Start of TASK INPUT
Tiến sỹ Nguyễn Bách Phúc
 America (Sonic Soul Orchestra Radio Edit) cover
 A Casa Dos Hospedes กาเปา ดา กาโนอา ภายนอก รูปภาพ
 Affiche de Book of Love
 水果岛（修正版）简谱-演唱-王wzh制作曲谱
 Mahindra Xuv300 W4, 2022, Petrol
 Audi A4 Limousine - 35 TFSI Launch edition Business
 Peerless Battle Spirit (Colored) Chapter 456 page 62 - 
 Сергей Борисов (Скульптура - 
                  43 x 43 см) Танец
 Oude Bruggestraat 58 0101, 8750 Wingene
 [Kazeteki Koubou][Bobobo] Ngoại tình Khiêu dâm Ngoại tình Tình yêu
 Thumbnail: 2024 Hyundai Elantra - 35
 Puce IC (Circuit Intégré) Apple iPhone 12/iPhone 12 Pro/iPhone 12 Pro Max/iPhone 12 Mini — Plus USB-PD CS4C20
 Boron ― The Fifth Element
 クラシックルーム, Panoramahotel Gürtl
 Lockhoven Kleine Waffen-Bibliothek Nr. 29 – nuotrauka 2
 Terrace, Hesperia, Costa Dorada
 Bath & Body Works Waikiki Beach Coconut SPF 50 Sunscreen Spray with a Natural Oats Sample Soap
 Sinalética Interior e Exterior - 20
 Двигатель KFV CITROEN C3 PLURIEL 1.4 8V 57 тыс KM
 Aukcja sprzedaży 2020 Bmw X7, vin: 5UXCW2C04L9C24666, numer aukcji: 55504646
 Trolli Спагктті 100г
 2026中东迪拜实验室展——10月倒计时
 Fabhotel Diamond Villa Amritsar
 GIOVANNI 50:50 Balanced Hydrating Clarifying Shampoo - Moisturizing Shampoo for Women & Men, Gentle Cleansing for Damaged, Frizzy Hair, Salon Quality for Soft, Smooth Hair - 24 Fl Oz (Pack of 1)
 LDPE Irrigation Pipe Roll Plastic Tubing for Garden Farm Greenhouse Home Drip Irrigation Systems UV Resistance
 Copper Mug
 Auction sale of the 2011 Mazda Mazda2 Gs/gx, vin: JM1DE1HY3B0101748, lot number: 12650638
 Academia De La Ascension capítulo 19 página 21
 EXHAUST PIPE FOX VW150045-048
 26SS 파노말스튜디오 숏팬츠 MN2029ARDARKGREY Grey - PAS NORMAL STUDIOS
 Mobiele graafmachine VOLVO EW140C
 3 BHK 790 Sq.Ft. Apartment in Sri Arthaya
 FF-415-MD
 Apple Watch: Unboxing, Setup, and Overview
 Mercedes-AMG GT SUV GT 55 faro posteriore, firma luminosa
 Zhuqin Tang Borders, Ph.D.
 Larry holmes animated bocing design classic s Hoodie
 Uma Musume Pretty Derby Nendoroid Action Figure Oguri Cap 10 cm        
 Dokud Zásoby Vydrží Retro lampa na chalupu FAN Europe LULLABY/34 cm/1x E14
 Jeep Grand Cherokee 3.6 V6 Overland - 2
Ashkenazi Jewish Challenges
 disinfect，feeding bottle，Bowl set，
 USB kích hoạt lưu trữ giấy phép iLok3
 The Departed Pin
End of TASK INPUT
TRY IT
Every record above should be output exactly.

RESPONSE TO THIS EXERCISE
Tiến sỹ Nguyễn Bách Phúc
 America (Sonic Soul Orchestra Radio Edit) cover
 A Casa Dos Hospedes กาเปา ดา กาโนอา ภายนอก รูปภาพ
 Affiche de Book of Love
 水果岛（修正版）简谱-演唱-王wzh制作曲谱
 Mahindra Xuv300 W4, 2022, Petrol
 Audi A4 Limousine - 35 TFSI Launch edition Business
 Peerless Battle Spirit (Colored) Chapter 456 page 62 - 
 Сергей Борисов (Скульптура - 
                  43 x 43 см) Танец
 Oude Bruggestraat 58 0101, 8750 Wingene
 [Kazeteki Koubou][Bobobo] Ngoại tình Khiêu dâm Ngoại tình Tình yêu
 Thumbnail: 2024 Hyundai Elantra - 35
 Puce IC (Circuit Intégré) Apple iPhone 12/iPhone 12 Pro/iPhone 12 Pro Max/iPhone 12 Mini — Plus USB-PD CS4C20
 Boron ― The Fifth Element
 クラシックルーム, Panoramahotel Gürtl
 Lockhoven Kleine Waffen-Bibliothek Nr. 29 – nuotrauka 2
 Terrace, Hesperia, Costa Dorada
 Bath & Body Works Waikiki Beach Coconut SPF 50 Sunscreen Spray with a Natural Oats Sample Soap
 Sinalética Interior e Exterior - 20
 Двигатель KFV CITROEN C3 PLURIEL 1.4 8V 57 тыс KM
 Aukcja sprzedaży 2020 Bmw X7, vin: 5UXCW2C04L9C24666, numer aukcji: 55504646
 Trolli Спагктті 100г
 2026中东迪拜实验室展——10月倒计时
 Fabhotel Diamond Villa Amritsar
 GIOVANNI 50:50 Balanced Hydrating Clarifying Shampoo - Moisturizing Shampoo for Women & Men, Gentle Cleansing for Damaged, Frizzy Hair, Salon Quality for Soft, Smooth Hair - 24 Fl Oz (Pack of 1)
 LDPE Irrigation Pipe Roll Plastic Tubing for Garden Farm Greenhouse Home Drip Irrigation Systems UV Resistance
 Copper Mug
 Auction sale of the 2011 Mazda Mazda2 Gs/gx, vin: JM1DE1HY3B0101748, lot number: 12650638
 Academia De La Ascension capítulo 19 página 21
 EXHAUST PIPE FOX VW150045-048
 26SS 파노말스튜디오 숏팬츠 MN2029ARDARKGREY Grey - PAS NORMAL STUDIOS
 Mobiele graafmachine VOLVO EW140C
 3 BHK 790 Sq.Ft. Apartment in Sri Arthaya
 FF-415-MD
 Apple Watch: Unboxing, Setup, and Overview
 Mercedes-AMG GT SUV GT 55 faro posteriore, firma luminosa
 Zhuqin Tang Borders, Ph.D.
 Larry holmes animated bocing design classic s Hoodie
 Uma Musume Pretty Derby Nendoroid Action Figure Oguri Cap 10 cm        
 Dokud Zásoby Vydrží Retro lampa na chalupu FAN Europe LULLABY/34 cm/1x E14
 Jeep Grand Cherokee 3.6 V6 Overland - 2
Ashkenazi Jewish Challenges
 disinfect，feeding bottle，Bowl set，
 USB kích hoạt lưu trữ giấy phép iLok3
 The Departed Pin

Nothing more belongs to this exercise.